June 12, 2010 | Brillobox | Pittsburgh, PA
A couple days before New Years my friends and I were gathered in an upstairs room of a house we were renting. The effects of the night’s consumption were just starting to over take our eyes and ears. The flower curtains were blooming, the table tops swirling, sounds splitting and then rejoining. Each of us were taking turns on the stereo, curiously choosing songs or albums we thought would blow our minds while under the influence of what we had taken. I giggled to myself as I scrolled through my iPod and landed on Neon Indian.

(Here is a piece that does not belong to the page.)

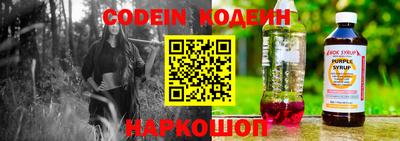 кокс Конаково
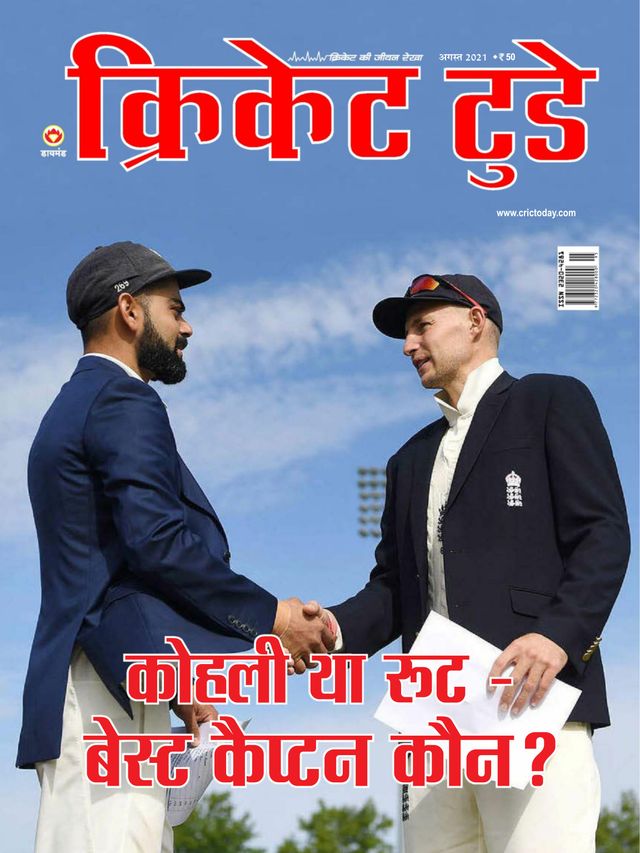 Cricket Today - Hindi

Everyone stopped. “Who is this?!”
"What album is this?"
"This is so awesome!"
"This is exactly what I want to be listening to right now!"

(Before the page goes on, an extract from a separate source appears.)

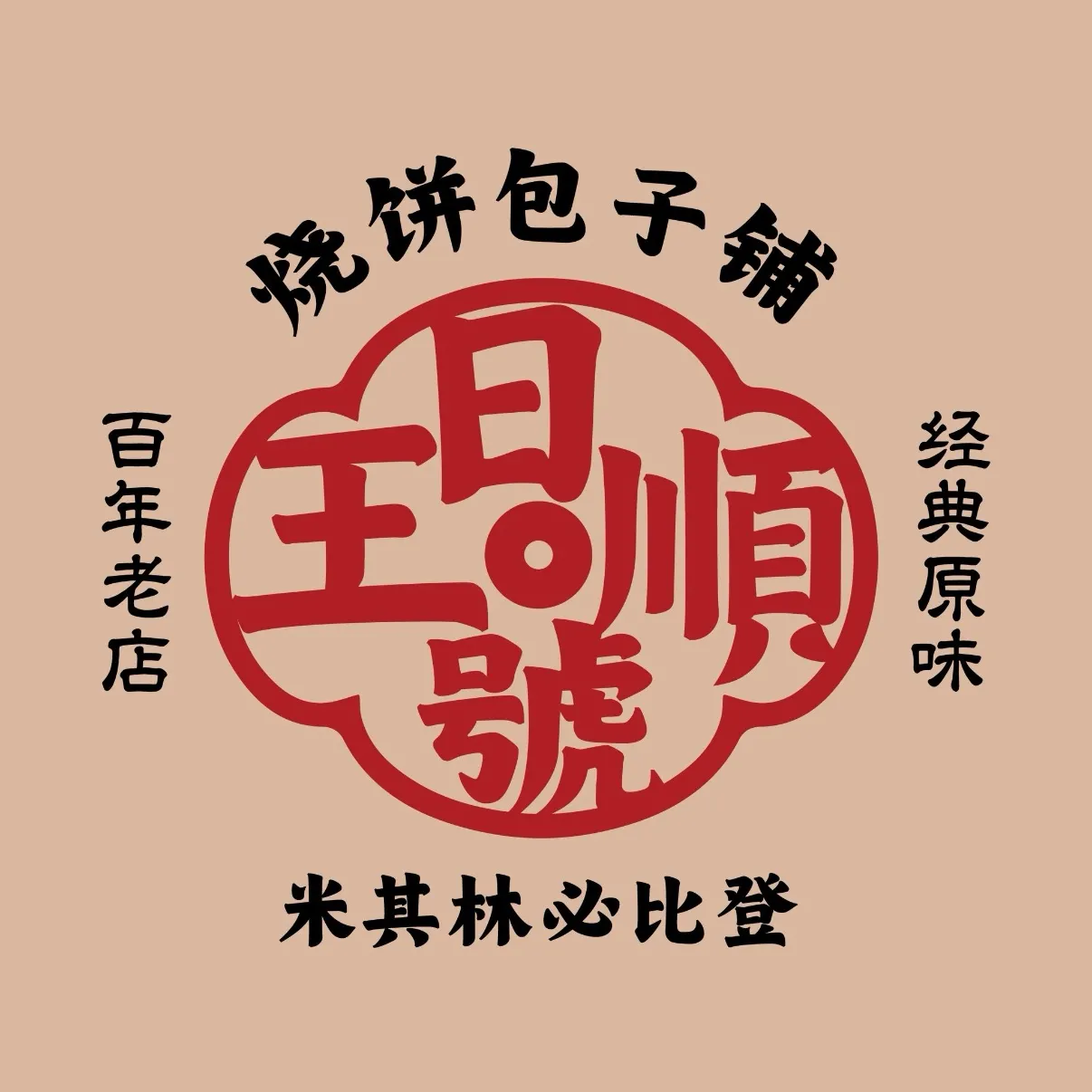 王日顺号烧饼包子铺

Since that night, Psychic Chasms has been my go to album whenever I needed a smile plastered across my face.
I arrived at Brillobox in Pittsburgh with half my friends from that trippy winter evening in tow. Laila, the photographer met us outside and we introduced ourselves. A mutual friend had put us in touch when she learned I was in desperate need of a photographer for the interview. We immediately hit it off. As we entered, I could hear Neon Indian still sound-checking upstairs, so I ordered a beer to calm my shaking hands and thumping heart. The restaurant of Brillobox was small and intimate with red booths lit warmly with yellow glass shaded sconces. My friends and I couldn’t resist the delicious smells that were emanating from the kitchen so we ordered a few appetizers while I waited for Alan Palomo to come downstairs.
I was mid-sip in my Dortmunder Gold when I saw him out of the corner of my eye. Up shot my anxiety. I always get a little bit worked up before an interview, but this is an artist I creatively admire and had a total geeky crush on.
Alan’s tour manager approached me and introduced himself then called Alan over. He politely shook my hand and smiled shyly. He was a bit shorter than me, about 5’6” with a mop of dark brown hair, and intense eyes shielded by large framed glasses. We settled into a corner booth towards the back. Alan was sipping a rather spicy looking Bloody Maria…
Alan Palomo : It’s funny, I didn’t start drinking Bloody Marys until I moved to Brooklyn. It’s kind of like a Sunday custom because everyone in Brooklyn has brunch. Everybody wakes up, incredibly hung-over around eleven.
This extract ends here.